Not so fast
While you jump up and down about how much Zango stinks, you might wish to remember the law of unintended consequences. CDA? Really? The CDA was designed to help service providers avoid being sued for filtering people it thought, in good faith, should not be posting on their services (remember Compuserv?)
Now - ANY APPLICATION that checks for updates from a server (ie. all of them) can be classified as a "service" under this 9th circuit ruling. So, no security drones, you won't be sued but get ready for all out warfare because the malware guys are going to be able to knock out anything they think, in "good faith" should be filtered and there's nothing you can do about it. If Microsoft doesn't like Mozilla, Mozilla will be filtered and the CDA stops the lawsuit. Google doesn't like Bing, good luck finding Bing - no lawsuit because Google is now a protected CDA service.

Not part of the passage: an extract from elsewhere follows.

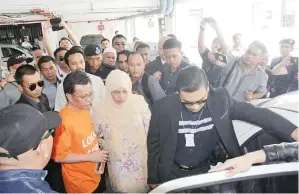  ??  ?? SHAFIE ditemani isterinya Datin Seri Shuryani Shuaib ketika diiringi pegawai SPRM masuk ke dalam kereta.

Install a piece of freeware on your desktop to clean your registry - BAM! - good luck ever downloading a competing product - they've been "filtered" and because of the CDA (and the fact that the registry cleaner is a "service" because it pings a lousy update server) there are no lawsuits available.
This ruling sucks. Zango should have won despite what you think about Zango or what you think about Kaspersky. Even the judges admit that this is a lousy law written during the stone age and should be updated quickly by the US Congress.
Your shallow take on this not so complex issue gets a FAIL because of your inability to see past good guys and bad guys.